● Description of the task
Reproduce only what runs from the line containing "Toyota Yaris Cross" to the line containing "3664 Crown Hill Dr, Santa Rosa, CA 95404" in the records below, inclusive. Keep it exact, and keep the pictures out.

● Material provided
* * * * * * *
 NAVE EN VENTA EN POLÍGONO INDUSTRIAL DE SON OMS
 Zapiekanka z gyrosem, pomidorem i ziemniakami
* * * * * * *
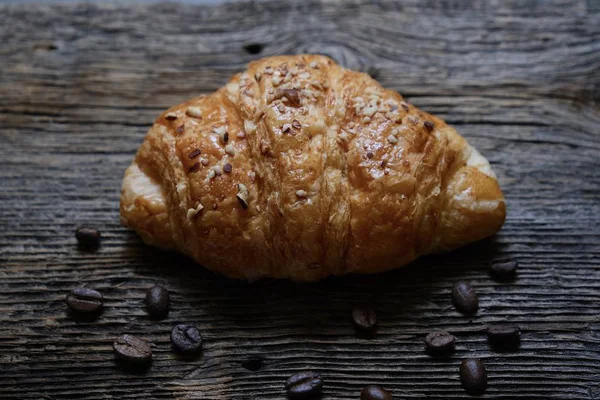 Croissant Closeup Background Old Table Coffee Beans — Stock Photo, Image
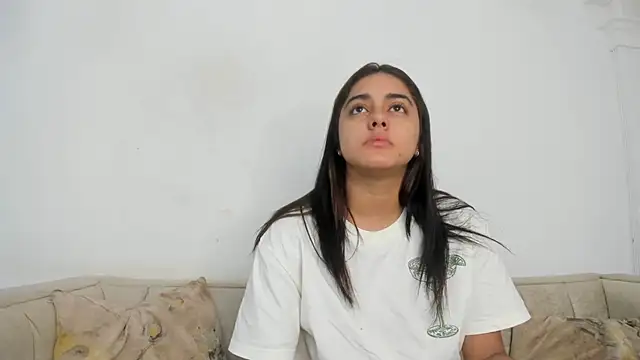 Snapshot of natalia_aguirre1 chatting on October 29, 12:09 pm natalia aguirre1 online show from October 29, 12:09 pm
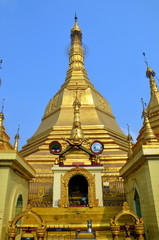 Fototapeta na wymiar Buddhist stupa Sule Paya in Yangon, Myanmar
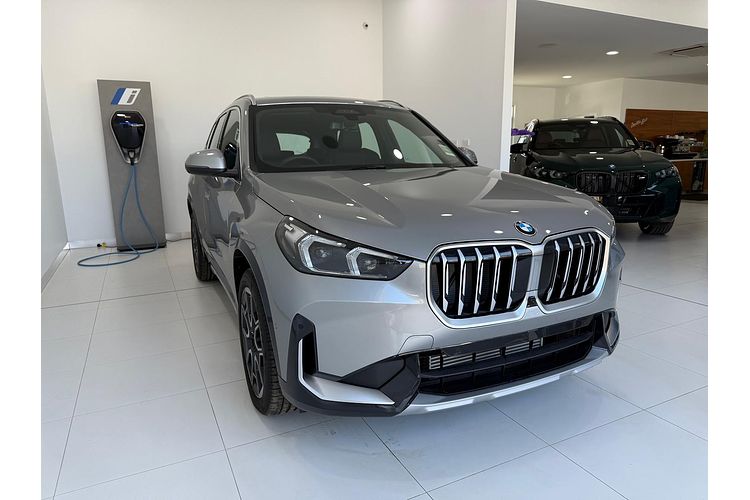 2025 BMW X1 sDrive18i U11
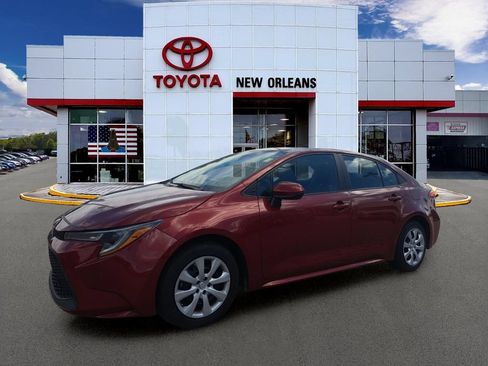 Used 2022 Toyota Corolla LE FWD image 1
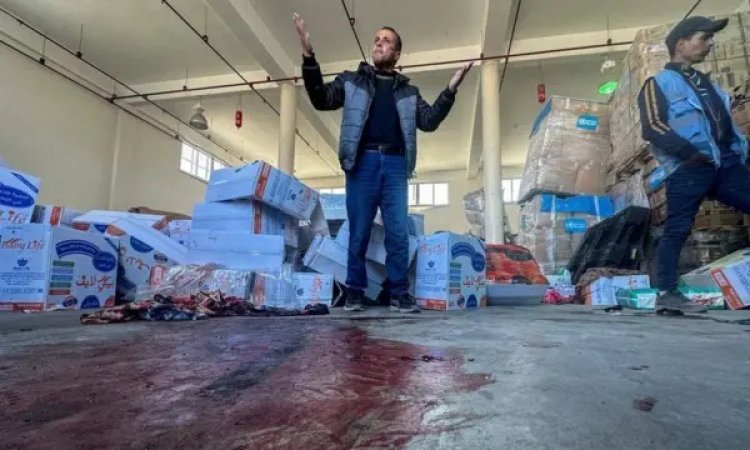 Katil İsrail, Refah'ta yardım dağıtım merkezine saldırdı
* * * * * * *
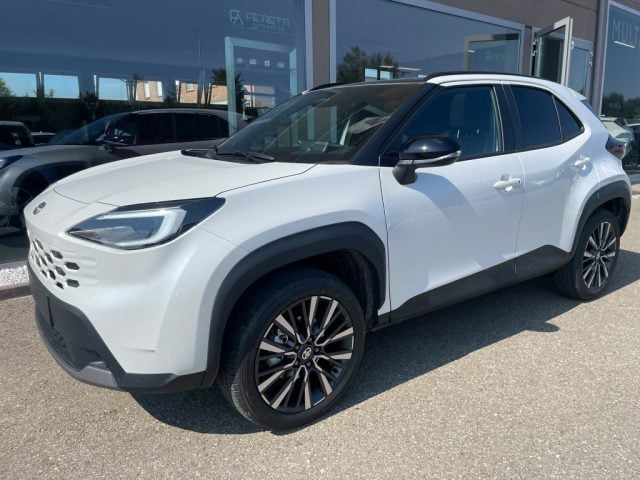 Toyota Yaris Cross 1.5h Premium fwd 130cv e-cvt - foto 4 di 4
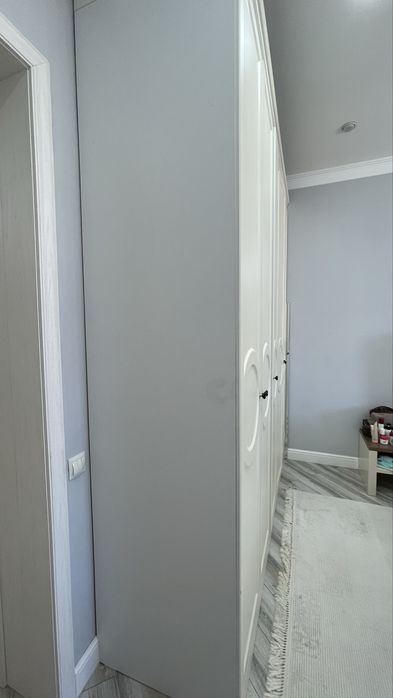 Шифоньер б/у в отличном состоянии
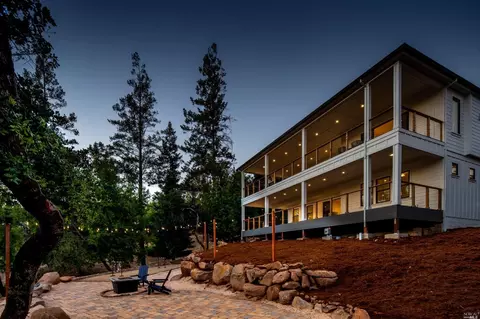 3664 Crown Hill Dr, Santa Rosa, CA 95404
* * * * * * *
● Finished exercise
 Toyota Yaris Cross 1.5h Premium fwd 130cv e-cvt - foto 4 di 4
 Шифоньер б/у в отличном состоянии
 3664 Crown Hill Dr, Santa Rosa, CA 95404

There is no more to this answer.